By Dawn C. Chmielewski, Los Angeles Times Staff Writers and Alex Pham, Los Angeles Times Staff Writers|May 21, 2008
With the aid of a special mouse pad and on-screen keyboard, Madison Reed has found a way to venture beyond the protective confines of her home in suburban Columbus, Ohio, and play with other children in a Disney theme park.
Madison, who suffers from a severe neuromuscular disease called spinal muscular atrophy, gravitated to Disney's Virtual Magic Kingdom, an online game that re-creates aspects of the company's theme parks. It was in this online world that she took her first steps. She rode a ride without being held or sitting in a wheelchair. And, at the age of 11, she celebrated the first birthday party with friends in February.
"This is huge for an 11-year-old girl who has never been able to have a birthday party with friends because of the risk of getting sick," said her mother, Annette Reed.
Now, Madison faces the loss of her connection to the real world. Disney plans to close the Virtual Magic Kingdom today. The company says the game was created in 2005 as part of an 18-month promotion for the 50th anniversary of Disneyland, and that celebration has long ended.

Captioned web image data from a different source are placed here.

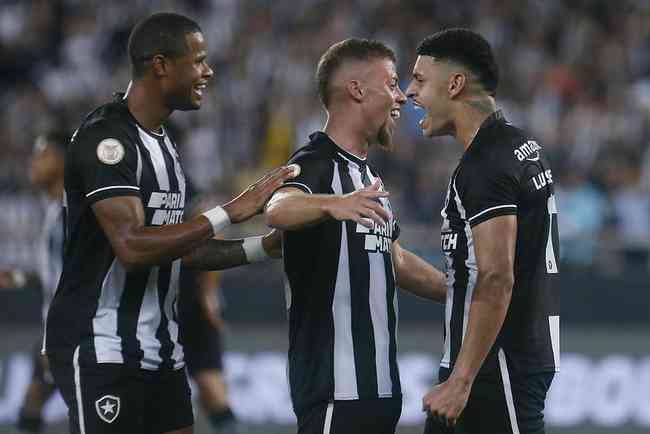 Jnior Santos e Luis Henrique marcaram os gols do Botafogo no Nilton Santos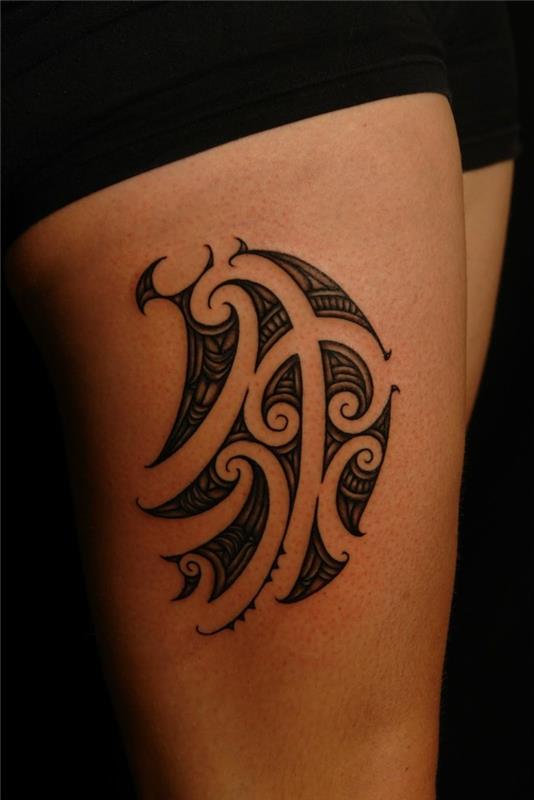 tatouage de jambe motifs maoris femmes tatouage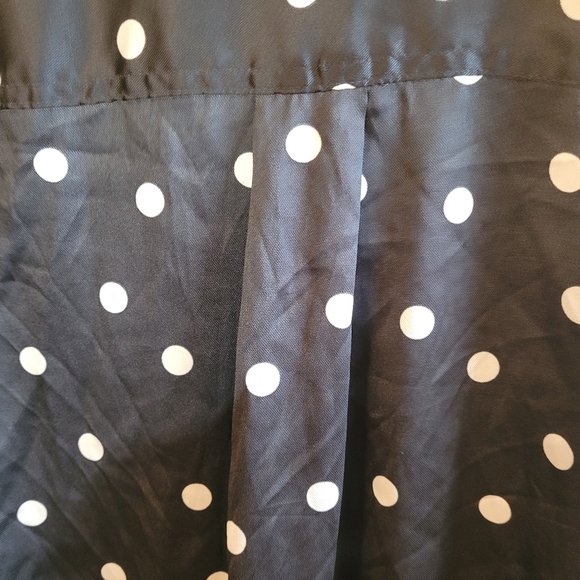 Chaps Black with White Polka Dots Button Up Longsleeve Blouse - Picture 8 of 8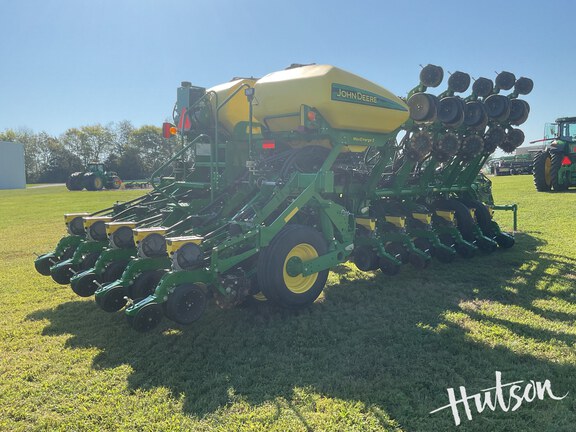 Photo of 2020 John Deere 1795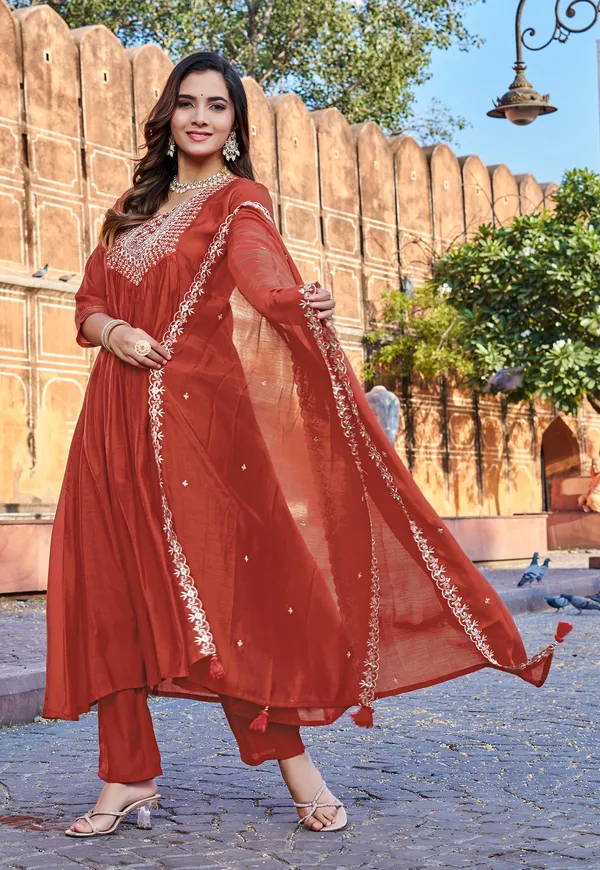 Red_Mul_Chanderi_With_Thread_Work_&_Khatli_Work_Kurta_With_Trouser_&_With_Dupatta_For_Women-IV-1014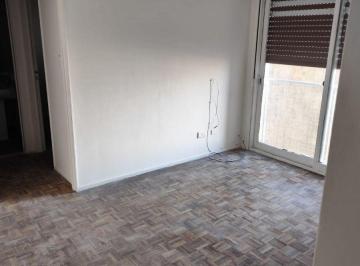 Departamento de 2 ambientes, Balvanera · Alquiler Temporal Balvanera 2 Amb Av Rivadavia Al 2800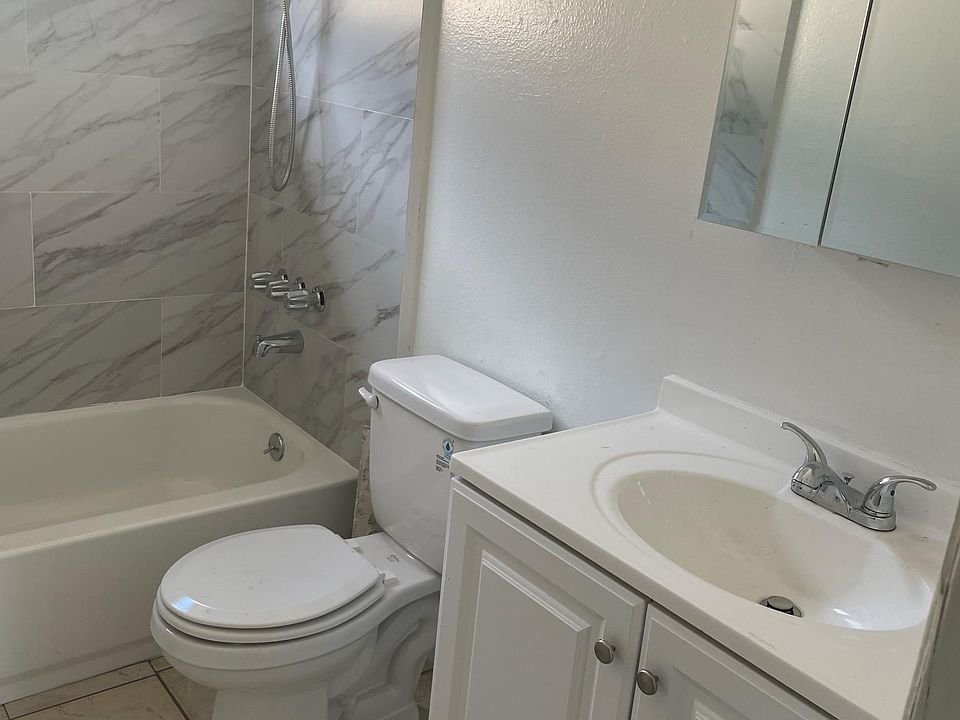2nd image of 1214 E Wanamaker Dr #C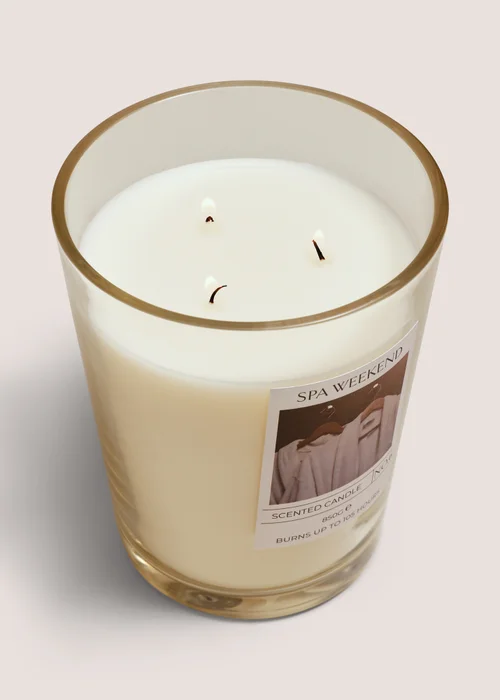 Spa Weekend Large Candle Image 2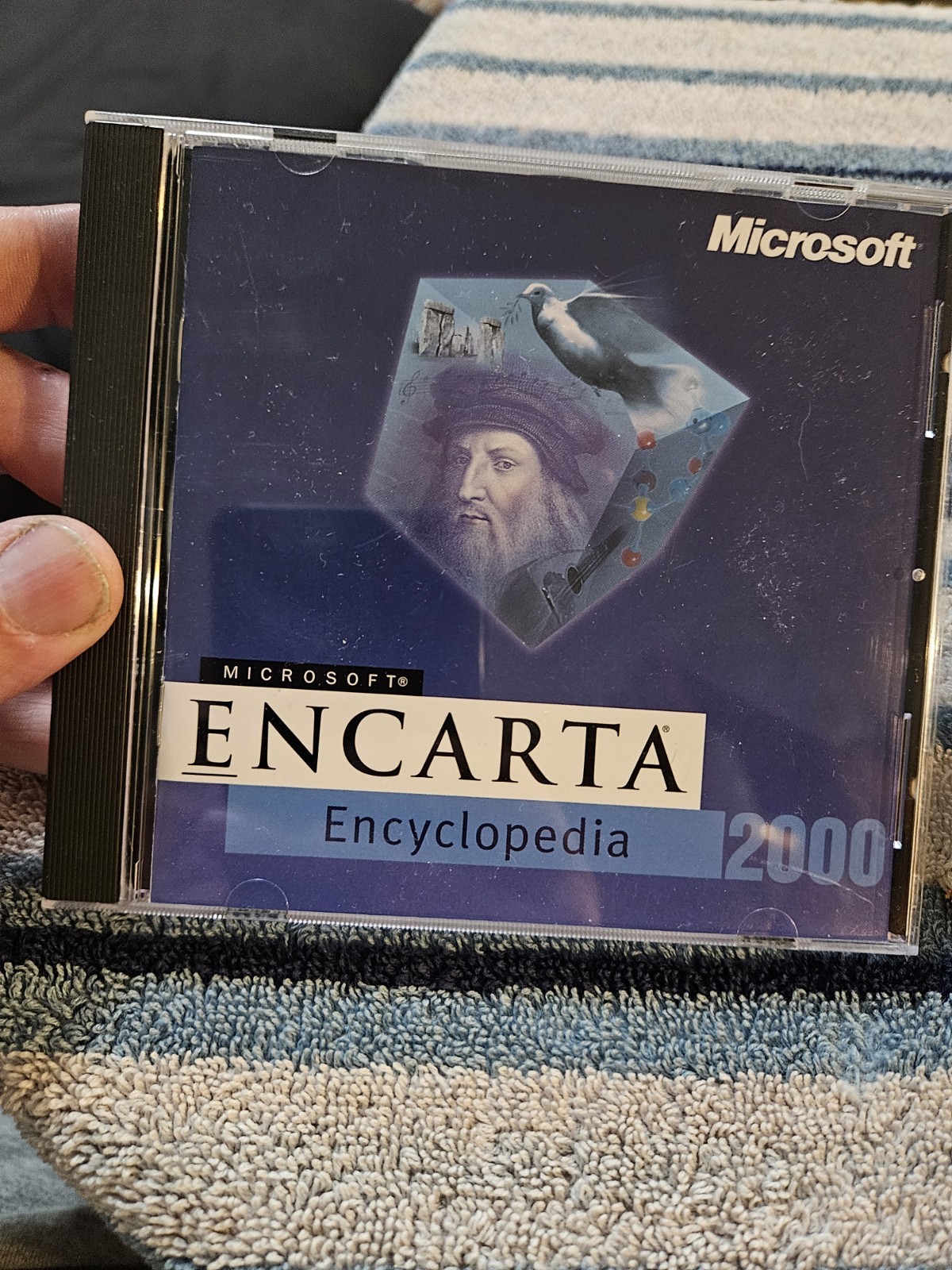 Vintage MICROSOFT Encarta ENCYCLOPEDIA  2000 Windows PC CD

"It never achieved scale," Steve Wadsworth, president of the Walt Disney Internet Group, said in response to questions last month at the EconSM conference. "It was promotional. There was no business model attached to it. It had a small but passionate audience."
But the decision has provoked outcry from its thousand of users, who say they never knew the game was some sophisticated marketing gimmick. One 13-year-old from Richfield, Utah, who goes by the online name of Isadora Q, started an online petition that has attracted more than 20,000 signatures. Others say they've written letters to Disney Chief Executive Robert Iger, imploring him to keep their community open.
The closure of one of Disney's earliest ventures in online game-playing comes at a time when the Burbank-based entertainment giant is investing heavily in virtual worlds and interactive play. In addition to its pioneering Toontown Online, which was the first multiplayer game for kids, it acquired Club Penguin last August for $700 million, launched an online game inspired by "Pirates of the Caribbean" last fall and plans to debut Disney Fairies, a virtual world built around Tinker Bell and her friends, this summer.